TASK BRIEF:
Transcribe exactly the lines that fall between the one holding "Шлем SHARK STREET" and the one holding "Baked Salmon with", inclusive, from the entries below.

- Opening Delimiter -

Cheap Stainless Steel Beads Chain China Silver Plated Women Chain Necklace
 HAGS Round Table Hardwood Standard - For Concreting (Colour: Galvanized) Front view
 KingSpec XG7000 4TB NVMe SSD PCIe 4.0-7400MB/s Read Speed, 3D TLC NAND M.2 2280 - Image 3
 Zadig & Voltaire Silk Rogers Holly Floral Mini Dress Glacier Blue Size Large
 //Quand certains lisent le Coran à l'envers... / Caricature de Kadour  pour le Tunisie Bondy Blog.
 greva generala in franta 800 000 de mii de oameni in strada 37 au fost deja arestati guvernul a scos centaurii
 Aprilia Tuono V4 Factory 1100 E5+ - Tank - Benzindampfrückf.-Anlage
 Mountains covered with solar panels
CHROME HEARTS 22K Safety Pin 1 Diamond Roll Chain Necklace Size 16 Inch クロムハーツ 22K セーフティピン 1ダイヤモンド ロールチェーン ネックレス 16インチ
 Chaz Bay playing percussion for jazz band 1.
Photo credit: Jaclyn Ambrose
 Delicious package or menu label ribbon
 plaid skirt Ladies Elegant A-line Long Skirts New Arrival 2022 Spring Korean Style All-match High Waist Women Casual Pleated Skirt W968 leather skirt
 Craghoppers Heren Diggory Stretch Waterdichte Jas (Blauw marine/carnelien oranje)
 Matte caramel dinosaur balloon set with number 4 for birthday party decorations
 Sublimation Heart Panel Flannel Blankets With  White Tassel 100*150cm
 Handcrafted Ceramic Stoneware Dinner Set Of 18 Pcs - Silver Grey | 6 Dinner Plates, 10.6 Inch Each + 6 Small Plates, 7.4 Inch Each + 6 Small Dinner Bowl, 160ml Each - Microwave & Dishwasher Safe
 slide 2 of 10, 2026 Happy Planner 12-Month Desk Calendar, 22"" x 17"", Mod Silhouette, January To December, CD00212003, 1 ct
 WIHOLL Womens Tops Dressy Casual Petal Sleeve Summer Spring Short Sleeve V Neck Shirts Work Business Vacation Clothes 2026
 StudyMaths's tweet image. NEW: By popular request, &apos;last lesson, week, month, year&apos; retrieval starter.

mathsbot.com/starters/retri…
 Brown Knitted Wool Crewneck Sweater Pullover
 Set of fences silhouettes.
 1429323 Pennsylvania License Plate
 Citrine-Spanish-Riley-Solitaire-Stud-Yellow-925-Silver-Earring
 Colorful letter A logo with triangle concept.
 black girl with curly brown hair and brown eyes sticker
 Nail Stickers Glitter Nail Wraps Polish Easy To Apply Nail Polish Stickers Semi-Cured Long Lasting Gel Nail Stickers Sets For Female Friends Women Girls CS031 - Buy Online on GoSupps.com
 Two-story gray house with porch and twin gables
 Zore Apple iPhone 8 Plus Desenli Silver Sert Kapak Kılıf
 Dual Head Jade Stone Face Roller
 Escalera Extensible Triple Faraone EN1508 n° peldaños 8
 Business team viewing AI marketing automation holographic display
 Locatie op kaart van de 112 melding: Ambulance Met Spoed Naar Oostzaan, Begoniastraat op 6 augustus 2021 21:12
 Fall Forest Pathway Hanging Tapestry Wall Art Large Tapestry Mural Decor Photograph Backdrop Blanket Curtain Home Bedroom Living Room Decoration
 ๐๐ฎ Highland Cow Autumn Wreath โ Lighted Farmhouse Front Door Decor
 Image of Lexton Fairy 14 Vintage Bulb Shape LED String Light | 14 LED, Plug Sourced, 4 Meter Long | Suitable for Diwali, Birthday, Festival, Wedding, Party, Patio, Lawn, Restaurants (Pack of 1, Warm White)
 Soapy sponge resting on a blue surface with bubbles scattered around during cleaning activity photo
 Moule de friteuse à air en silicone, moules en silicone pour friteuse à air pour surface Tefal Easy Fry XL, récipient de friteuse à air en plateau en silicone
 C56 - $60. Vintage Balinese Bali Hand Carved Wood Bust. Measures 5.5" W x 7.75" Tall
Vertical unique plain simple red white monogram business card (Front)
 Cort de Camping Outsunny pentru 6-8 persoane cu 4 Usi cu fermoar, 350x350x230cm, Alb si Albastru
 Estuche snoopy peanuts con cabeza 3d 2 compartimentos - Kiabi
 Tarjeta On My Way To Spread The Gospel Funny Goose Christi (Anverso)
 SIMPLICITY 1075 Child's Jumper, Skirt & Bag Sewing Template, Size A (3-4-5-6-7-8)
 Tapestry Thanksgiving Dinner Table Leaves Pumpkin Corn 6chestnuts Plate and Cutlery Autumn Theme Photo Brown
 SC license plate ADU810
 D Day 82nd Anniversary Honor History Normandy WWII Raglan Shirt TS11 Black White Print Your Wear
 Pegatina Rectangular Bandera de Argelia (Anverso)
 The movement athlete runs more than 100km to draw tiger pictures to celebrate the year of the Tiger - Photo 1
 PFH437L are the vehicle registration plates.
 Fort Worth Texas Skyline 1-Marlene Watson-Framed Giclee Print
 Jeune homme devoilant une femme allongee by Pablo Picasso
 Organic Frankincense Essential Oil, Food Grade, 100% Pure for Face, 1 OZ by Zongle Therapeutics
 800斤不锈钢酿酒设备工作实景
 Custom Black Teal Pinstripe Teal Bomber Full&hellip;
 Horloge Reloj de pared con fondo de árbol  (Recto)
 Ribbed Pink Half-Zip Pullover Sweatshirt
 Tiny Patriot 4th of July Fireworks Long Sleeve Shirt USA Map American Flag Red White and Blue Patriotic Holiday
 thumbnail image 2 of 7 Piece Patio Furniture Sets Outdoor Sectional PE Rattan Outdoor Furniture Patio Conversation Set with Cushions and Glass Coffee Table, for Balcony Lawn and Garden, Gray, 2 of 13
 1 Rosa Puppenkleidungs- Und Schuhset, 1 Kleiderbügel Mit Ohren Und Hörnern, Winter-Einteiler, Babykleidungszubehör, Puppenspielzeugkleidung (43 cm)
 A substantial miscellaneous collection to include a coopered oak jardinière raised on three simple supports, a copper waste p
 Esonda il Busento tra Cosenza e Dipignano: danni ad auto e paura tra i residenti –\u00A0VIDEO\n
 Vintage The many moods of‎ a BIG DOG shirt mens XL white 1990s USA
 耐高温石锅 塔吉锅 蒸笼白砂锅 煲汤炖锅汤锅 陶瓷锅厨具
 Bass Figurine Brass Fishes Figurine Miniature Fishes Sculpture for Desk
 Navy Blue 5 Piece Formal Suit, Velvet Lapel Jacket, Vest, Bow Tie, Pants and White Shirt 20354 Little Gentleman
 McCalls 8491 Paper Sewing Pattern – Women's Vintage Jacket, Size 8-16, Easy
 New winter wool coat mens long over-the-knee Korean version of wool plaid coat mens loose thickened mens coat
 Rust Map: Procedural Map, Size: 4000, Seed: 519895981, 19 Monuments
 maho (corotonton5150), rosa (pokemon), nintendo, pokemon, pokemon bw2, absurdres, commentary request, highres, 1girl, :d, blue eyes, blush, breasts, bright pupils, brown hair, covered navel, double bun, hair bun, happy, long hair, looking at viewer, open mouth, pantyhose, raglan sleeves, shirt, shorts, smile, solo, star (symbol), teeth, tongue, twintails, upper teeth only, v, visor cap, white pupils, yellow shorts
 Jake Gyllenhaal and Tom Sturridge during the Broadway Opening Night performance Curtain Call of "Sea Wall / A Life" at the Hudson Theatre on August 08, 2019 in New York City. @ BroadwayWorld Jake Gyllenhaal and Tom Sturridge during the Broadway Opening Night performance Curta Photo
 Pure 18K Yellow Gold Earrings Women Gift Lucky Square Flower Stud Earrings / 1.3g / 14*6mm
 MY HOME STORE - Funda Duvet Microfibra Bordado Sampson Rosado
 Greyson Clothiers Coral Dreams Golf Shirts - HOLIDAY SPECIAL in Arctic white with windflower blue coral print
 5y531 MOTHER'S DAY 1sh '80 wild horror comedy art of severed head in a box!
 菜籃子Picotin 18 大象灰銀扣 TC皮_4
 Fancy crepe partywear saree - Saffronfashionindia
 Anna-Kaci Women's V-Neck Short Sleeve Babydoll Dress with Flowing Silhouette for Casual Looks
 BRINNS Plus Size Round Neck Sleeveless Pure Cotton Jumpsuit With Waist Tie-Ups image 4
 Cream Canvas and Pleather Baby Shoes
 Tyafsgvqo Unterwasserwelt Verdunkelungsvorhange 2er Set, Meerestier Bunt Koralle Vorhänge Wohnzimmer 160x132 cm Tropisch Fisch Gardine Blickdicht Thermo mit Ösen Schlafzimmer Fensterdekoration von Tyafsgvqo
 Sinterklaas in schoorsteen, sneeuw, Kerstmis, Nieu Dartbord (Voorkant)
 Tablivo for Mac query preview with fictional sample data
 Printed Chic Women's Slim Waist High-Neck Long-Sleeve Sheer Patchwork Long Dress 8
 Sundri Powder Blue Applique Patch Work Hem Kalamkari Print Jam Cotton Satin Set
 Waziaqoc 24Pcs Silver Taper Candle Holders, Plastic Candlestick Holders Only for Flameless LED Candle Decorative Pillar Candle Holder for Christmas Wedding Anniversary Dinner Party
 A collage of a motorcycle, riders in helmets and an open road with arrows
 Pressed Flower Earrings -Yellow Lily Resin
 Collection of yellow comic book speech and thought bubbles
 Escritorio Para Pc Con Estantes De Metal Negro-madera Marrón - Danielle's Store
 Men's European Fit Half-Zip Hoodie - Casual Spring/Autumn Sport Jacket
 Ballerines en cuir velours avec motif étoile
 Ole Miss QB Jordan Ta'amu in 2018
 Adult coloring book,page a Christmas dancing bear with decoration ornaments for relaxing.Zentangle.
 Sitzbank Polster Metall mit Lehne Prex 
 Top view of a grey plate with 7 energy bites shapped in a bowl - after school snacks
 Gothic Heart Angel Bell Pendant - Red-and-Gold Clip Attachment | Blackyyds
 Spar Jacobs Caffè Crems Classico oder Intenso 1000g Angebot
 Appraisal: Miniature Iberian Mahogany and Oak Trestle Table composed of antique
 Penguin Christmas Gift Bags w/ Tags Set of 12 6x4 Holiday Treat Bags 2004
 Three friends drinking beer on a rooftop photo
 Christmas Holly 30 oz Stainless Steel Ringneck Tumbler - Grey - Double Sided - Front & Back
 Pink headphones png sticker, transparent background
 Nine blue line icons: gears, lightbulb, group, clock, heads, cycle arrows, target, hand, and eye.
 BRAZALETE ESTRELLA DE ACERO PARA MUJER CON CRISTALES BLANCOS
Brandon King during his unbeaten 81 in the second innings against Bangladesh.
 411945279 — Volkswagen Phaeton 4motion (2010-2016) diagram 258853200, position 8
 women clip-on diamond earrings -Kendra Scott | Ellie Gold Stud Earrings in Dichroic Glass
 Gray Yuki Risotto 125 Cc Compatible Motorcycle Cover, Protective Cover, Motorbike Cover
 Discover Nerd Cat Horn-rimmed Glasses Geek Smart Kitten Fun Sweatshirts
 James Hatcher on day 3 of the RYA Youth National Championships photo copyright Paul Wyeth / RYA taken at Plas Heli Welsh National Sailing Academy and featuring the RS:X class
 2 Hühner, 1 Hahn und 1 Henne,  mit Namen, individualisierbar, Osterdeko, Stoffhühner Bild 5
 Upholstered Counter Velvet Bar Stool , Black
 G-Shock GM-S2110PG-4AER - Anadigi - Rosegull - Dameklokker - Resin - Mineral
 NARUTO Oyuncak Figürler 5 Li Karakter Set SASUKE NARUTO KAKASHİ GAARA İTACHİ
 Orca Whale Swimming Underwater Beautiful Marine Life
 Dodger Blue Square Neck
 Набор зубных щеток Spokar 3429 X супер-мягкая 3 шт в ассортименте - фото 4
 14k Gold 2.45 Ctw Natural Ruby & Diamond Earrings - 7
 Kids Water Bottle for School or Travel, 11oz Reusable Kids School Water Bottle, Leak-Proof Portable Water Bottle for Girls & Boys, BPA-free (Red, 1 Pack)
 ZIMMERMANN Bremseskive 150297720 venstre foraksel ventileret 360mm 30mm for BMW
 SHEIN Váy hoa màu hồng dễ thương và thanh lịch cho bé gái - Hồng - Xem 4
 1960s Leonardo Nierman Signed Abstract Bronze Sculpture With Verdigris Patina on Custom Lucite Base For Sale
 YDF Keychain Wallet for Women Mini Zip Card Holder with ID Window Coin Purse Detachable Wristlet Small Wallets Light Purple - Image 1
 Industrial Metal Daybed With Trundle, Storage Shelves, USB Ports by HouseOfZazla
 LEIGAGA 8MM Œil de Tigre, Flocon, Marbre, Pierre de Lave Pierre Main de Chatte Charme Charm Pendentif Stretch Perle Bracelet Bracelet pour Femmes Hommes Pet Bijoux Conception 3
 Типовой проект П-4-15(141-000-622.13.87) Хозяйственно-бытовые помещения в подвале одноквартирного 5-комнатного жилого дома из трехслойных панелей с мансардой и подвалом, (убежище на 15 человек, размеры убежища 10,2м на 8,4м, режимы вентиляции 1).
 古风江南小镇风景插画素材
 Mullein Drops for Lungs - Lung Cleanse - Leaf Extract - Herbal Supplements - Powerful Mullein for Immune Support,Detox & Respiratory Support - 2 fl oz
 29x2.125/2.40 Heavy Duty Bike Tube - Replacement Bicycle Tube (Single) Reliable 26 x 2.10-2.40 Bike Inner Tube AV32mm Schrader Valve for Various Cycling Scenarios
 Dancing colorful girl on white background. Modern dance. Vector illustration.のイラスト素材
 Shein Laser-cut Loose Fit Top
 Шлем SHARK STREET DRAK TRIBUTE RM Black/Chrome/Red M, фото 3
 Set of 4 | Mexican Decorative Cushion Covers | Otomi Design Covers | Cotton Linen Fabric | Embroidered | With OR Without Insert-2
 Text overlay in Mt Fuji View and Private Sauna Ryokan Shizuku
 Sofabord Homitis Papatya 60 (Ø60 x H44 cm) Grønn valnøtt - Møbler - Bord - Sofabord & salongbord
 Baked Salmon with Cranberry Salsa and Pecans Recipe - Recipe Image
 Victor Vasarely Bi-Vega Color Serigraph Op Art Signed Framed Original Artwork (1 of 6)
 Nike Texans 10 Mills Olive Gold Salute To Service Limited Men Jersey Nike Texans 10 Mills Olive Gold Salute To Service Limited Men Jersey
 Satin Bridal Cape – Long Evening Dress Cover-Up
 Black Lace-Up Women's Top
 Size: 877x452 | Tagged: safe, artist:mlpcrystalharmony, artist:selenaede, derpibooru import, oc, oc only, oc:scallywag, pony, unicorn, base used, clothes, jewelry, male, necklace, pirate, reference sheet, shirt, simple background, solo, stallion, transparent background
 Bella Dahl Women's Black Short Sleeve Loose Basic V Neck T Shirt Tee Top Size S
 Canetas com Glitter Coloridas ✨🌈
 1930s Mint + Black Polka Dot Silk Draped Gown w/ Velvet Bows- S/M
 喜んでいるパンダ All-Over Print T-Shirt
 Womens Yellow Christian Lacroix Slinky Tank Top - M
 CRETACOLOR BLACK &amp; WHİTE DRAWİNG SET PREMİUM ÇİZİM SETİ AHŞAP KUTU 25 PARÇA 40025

- Closing Delimiter -

YOUR RESPONSE:
 Шлем SHARK STREET DRAK TRIBUTE RM Black/Chrome/Red M, фото 3
 Set of 4 | Mexican Decorative Cushion Covers | Otomi Design Covers | Cotton Linen Fabric | Embroidered | With OR Without Insert-2
 Text overlay in Mt Fuji View and Private Sauna Ryokan Shizuku
 Sofabord Homitis Papatya 60 (Ø60 x H44 cm) Grønn valnøtt - Møbler - Bord - Sofabord & salongbord
 Baked Salmon with Cranberry Salsa and Pecans Recipe - Recipe Image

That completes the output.